Richard Bennet has an interesting theory on Harriet Miers:
Bush doesn’t care about abortion, and neither do the bibliocons. They understand that even if the Supreme Court was to strike down Roe, the states would legalize it anyway, and they’d lose their moral authority. It’s one thing to say that five men in black robes are imposing their personal views on you, and quite another to be faced with the certain knowledge that the people hold values that define you as outside the mainstream. So it’s best if Roe stays intact and the conservative movement has the issue to complain about.
The real problem that bibliocons have with the court showed up earlier this year in the great shouting match over the corpse of Terri Schiavo. All along the bibliocons and paleocons had been telling us they were fed-up with activist judges getting involved in state and local issues where they didn’t belong, but suddenly they were all over the courts for refusing to be activist with respect to the family and the State of Florida. So it became clear that the right wants the mirror image of what the left wants, an activist bench that is willing to impose its personal values and beliefs on the rest of us.

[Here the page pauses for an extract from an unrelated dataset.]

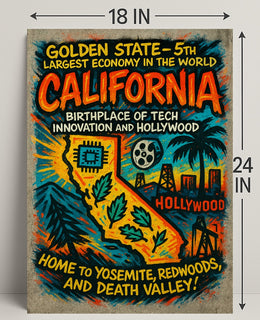 California Vintage Travel Poster Wall Art PosterGoat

Looking for judges who have that sort of orientation is a hard search, because the conservative team that the right’s been grooming since Roe (Luttig, McConnell, Olsen, et. al.) is all about judicial restraint, and none of them can be relied upon to jump into the breech on Schiavo-type cases and do the right thing by the right. So Bush had to ignore the conservative farm team and draft a close personal friend with the proper religious credentials and the requisite lack of judicial hang-ups.
John Cole thinks Bennnett may be on to something.

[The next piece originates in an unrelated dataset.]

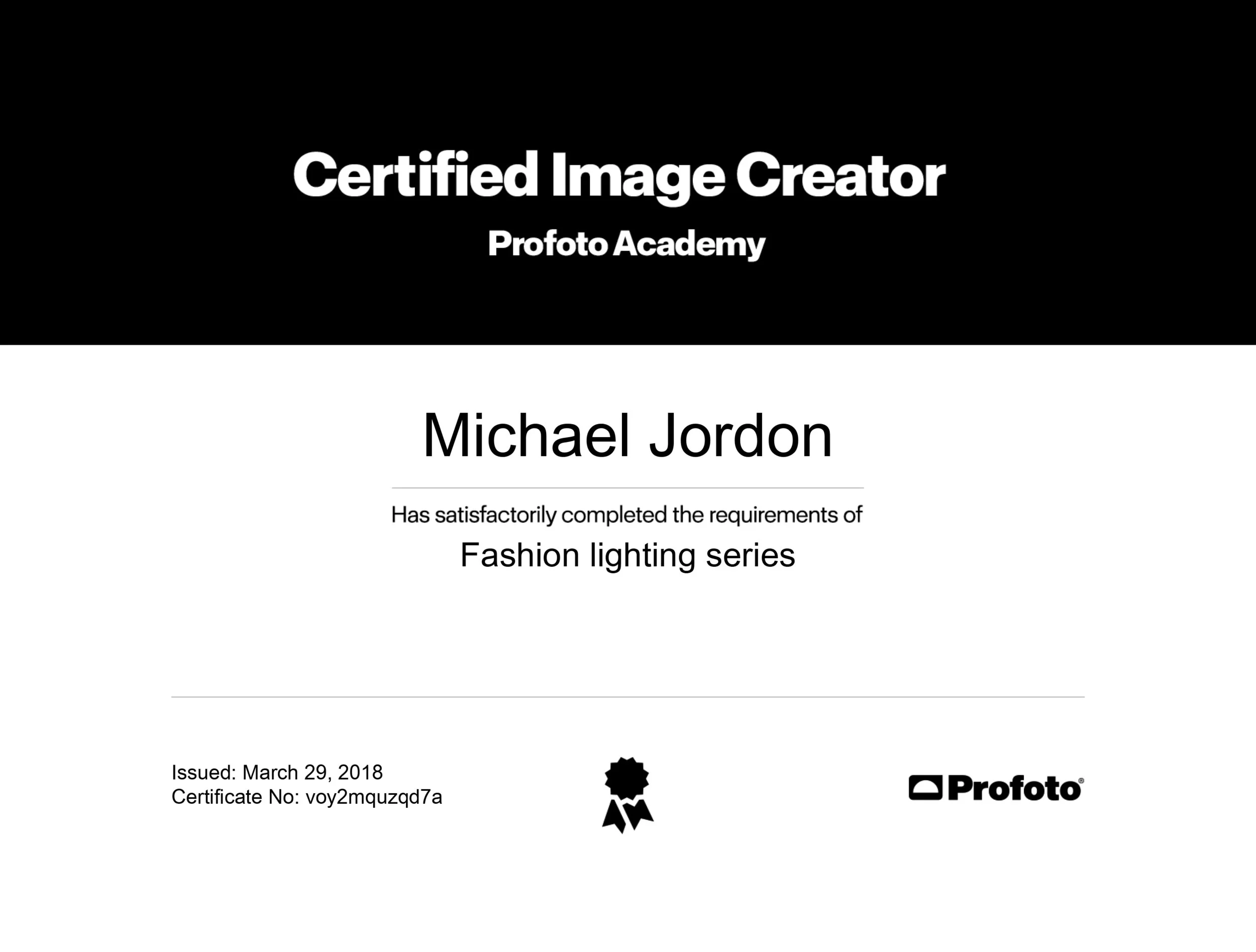 Certificate of Completion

But why does anyone think that Harriet Miers will rule on the basis of her “religious credentials” rather than follow the law? Aren’t the religious conservatives who now seem to be pushing this notion actually promoting a noxious stereotype about “people of faith”? Reality check: Judge George Greer, the Florida judge who originally issued the order to withhold artificial nutrition and hydration to the undead body of Terri Schiavo, is a deeply religious conservative Christian.

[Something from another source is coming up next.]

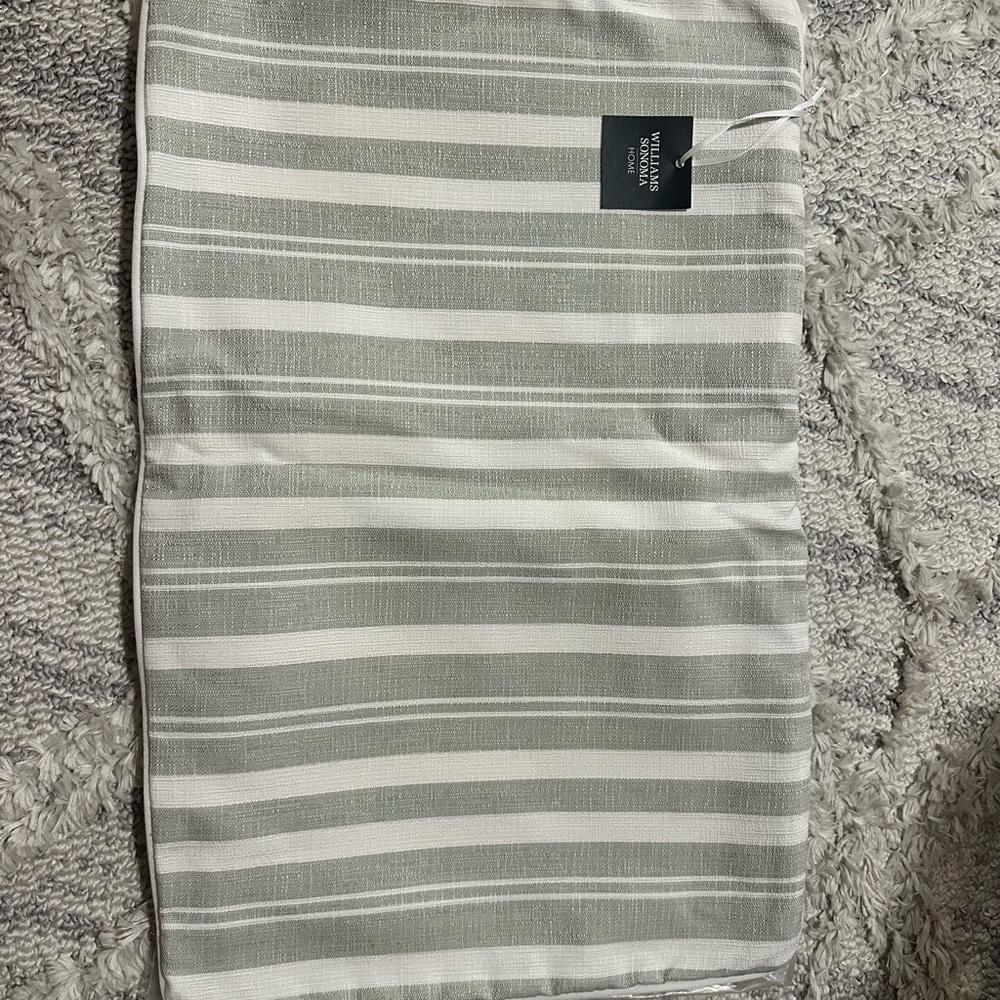 William Sonoma Gray and White Striped Outdoor Pillow Case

Meanwhile, John Fund reports that two personal friends of Miers’s, both sitting judges in Texas, personally assured James Dobson and other religious right leaders in a conference call that Miers will vote to strike down Roe v. Wade if she has the opportunity.
My own hunch is that Miers is a pragmatist, not an ideologue, and that she will sorely disappoint the theocons who have bought into the “she’s one of us” brand of identity politics.
Meanwhile, Eric Muller replies to my post on whether the criticism of Miers on the grounds that her career has been primarily in the private sector is fair or snobbish. Eric believes that the real issue is that Miers “has spent her professional life pretty much wholly outside the sorts of legal conversations that are common among top government lawyers.” Former Bush assistant Matthew Scully disagrees. Meanwhile, Juan Non-Volokh heretically suggests that expertise in constitutional law is not the be-all and end-all of qualifications for a Supreme Court justice:
My point is not the constitutional law is unimportant for prospective Supreme Court justices. I just think that those of us who teach and write in the area are inclined to exaggerate its importance on the Court. I care about a prospective justice’s approach to constitutional interpretation as much as the next legal blogger, but it’s hardly the only question I consider important in considering a nominee. Indeed, I would argue that a Supreme Court with a wider array of experience would be better than one made up of nine experts in constitutional law. Experience as a prosecutor or criminal defense attorney is likely makes a prospective justice more qualified to consider criminal procedure cases than a unified theory of federalism, representation-reinforcement, or judicial review of legislative action.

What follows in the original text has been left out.